Report every line in the listing that contains the string "Hotel".
○ ○ ○ ○
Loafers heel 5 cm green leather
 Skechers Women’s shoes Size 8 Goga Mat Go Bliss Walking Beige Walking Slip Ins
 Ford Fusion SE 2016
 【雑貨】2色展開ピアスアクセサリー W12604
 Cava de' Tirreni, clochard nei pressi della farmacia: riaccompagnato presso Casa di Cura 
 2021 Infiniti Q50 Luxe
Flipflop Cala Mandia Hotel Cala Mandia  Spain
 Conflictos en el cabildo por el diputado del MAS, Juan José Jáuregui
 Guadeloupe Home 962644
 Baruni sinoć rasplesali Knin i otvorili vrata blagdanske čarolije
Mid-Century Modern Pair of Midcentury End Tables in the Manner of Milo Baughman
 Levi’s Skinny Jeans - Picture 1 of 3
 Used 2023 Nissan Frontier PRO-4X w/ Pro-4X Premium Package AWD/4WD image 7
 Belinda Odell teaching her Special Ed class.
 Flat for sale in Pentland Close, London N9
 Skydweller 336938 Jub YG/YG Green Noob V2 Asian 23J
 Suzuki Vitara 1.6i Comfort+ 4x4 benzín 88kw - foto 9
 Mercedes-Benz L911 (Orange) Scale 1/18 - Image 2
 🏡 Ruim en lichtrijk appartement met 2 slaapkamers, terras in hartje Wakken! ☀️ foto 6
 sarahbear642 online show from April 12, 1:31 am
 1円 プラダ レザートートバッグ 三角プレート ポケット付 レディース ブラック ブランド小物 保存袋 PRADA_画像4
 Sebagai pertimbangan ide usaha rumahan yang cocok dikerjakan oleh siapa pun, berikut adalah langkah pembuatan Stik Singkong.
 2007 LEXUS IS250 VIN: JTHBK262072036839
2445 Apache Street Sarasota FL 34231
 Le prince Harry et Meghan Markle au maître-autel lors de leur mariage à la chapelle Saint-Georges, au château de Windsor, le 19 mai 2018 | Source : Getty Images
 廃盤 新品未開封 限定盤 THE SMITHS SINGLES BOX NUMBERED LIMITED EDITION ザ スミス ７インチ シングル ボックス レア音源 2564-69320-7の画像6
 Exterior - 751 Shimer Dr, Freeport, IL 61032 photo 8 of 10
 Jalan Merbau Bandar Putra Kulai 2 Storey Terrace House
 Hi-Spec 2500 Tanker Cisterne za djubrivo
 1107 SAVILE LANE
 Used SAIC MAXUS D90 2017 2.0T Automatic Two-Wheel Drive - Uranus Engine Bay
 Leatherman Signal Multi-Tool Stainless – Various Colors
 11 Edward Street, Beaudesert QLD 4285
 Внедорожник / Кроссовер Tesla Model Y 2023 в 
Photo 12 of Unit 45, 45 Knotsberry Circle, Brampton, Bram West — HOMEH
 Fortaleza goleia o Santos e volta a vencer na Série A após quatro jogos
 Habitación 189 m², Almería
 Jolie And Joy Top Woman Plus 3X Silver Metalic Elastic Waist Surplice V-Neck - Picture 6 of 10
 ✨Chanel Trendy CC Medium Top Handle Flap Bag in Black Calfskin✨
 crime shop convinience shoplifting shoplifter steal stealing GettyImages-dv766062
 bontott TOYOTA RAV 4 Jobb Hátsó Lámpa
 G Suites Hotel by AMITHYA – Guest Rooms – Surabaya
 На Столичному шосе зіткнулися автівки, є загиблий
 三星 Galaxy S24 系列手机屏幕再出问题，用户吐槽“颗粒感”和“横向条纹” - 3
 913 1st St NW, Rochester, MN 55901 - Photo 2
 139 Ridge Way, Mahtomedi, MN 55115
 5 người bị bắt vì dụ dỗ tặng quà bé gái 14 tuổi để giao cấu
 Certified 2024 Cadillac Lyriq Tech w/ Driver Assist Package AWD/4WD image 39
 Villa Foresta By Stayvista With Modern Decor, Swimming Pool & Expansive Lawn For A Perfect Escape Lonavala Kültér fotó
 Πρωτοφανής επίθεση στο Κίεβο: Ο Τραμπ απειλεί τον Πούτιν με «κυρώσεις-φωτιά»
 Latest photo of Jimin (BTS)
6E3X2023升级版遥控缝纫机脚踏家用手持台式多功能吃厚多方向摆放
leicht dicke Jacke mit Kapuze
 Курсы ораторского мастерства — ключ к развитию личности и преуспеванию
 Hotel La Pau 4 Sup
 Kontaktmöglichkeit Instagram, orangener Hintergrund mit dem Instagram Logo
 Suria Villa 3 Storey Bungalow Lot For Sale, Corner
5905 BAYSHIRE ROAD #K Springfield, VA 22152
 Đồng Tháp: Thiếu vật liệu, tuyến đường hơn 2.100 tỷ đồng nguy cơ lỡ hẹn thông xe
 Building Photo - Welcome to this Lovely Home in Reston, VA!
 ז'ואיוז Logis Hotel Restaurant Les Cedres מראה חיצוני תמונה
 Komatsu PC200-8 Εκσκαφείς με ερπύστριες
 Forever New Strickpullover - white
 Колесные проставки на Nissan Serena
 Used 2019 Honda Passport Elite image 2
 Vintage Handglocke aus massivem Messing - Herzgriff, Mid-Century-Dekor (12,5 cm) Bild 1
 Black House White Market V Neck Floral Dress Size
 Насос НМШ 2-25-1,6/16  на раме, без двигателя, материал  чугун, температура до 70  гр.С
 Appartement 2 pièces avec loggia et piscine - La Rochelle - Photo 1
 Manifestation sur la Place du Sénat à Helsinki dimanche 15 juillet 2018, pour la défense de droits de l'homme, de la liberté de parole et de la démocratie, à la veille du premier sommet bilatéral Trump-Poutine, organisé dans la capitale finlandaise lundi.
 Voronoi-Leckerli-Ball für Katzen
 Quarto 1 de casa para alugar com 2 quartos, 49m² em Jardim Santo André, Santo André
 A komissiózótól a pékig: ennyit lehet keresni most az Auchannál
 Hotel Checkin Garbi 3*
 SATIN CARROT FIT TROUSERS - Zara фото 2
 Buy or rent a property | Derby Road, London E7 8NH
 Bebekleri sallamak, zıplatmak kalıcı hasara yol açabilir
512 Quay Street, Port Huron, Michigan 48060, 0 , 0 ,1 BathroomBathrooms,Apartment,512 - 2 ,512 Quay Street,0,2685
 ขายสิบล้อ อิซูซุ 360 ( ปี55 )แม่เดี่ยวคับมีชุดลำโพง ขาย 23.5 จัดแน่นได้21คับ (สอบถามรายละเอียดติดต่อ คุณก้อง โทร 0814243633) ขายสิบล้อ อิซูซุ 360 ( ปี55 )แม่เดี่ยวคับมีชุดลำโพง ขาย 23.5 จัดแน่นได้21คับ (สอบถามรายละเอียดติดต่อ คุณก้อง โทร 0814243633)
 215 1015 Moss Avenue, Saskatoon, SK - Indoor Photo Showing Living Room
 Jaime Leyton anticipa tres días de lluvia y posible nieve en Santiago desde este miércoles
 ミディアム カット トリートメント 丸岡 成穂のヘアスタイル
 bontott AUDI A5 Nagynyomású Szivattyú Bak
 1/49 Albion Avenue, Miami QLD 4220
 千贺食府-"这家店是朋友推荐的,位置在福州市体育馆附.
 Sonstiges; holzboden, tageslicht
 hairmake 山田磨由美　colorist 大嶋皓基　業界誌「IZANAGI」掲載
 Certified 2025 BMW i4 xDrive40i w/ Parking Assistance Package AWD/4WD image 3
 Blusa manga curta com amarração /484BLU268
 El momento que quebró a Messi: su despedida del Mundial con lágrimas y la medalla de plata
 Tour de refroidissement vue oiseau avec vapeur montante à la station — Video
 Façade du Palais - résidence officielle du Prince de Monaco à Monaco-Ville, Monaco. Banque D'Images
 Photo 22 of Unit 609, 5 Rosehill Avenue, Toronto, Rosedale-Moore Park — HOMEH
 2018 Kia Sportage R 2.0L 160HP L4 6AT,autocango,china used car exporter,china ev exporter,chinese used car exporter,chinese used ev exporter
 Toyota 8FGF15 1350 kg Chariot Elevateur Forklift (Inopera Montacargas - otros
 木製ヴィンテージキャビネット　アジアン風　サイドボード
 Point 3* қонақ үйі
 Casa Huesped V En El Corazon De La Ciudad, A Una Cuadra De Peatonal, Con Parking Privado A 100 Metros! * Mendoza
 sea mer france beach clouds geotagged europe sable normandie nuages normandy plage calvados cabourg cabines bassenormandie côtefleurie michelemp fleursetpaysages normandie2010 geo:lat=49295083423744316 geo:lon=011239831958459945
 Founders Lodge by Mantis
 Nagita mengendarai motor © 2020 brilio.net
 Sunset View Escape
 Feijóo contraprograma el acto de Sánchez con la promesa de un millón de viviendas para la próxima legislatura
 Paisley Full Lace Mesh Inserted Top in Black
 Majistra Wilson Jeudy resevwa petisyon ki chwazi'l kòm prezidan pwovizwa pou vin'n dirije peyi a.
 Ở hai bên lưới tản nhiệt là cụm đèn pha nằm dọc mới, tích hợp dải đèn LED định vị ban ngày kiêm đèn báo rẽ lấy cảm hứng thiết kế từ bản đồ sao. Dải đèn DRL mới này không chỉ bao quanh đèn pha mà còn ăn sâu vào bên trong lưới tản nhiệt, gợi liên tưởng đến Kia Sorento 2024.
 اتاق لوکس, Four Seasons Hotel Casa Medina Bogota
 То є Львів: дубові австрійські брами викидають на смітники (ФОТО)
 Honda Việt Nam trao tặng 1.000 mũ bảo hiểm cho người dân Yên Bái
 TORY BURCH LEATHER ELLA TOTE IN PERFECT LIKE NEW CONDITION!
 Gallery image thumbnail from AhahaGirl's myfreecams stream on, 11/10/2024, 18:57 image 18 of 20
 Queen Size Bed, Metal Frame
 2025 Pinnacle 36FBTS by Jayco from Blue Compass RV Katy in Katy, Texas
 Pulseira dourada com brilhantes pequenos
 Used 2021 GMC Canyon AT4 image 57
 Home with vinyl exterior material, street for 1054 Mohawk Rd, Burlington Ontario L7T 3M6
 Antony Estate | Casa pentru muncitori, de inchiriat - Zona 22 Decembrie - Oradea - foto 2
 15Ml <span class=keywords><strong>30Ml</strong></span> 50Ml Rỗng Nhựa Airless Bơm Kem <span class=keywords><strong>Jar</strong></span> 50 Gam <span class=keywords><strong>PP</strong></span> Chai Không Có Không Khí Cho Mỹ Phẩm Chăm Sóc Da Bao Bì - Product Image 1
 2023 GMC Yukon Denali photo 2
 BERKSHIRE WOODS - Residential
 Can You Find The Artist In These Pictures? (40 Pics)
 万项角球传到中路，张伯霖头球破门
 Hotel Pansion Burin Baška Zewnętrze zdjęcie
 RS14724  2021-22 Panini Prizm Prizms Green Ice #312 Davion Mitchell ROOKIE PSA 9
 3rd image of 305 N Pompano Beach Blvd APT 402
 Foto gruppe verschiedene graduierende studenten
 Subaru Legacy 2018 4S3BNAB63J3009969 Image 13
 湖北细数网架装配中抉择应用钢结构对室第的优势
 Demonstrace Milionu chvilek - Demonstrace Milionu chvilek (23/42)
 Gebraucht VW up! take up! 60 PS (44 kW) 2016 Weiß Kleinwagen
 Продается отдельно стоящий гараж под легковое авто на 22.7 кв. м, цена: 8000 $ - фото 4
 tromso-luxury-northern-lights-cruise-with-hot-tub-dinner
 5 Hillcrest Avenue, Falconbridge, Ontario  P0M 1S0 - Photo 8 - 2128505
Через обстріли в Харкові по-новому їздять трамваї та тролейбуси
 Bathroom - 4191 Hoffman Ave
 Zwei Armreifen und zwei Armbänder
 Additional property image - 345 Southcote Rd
○ ○ ○ ○
**WRITTEN ANSWER:**
Flipflop Cala Mandia Hotel Cala Mandia  Spain
 G Suites Hotel by AMITHYA – Guest Rooms – Surabaya
 Hotel La Pau 4 Sup
 ז'ואיוז Logis Hotel Restaurant Les Cedres מראה חיצוני תמונה
 Hotel Checkin Garbi 3*
 اتاق لوکس, Four Seasons Hotel Casa Medina Bogota
 Hotel Pansion Burin Baška Zewnętrze zdjęcie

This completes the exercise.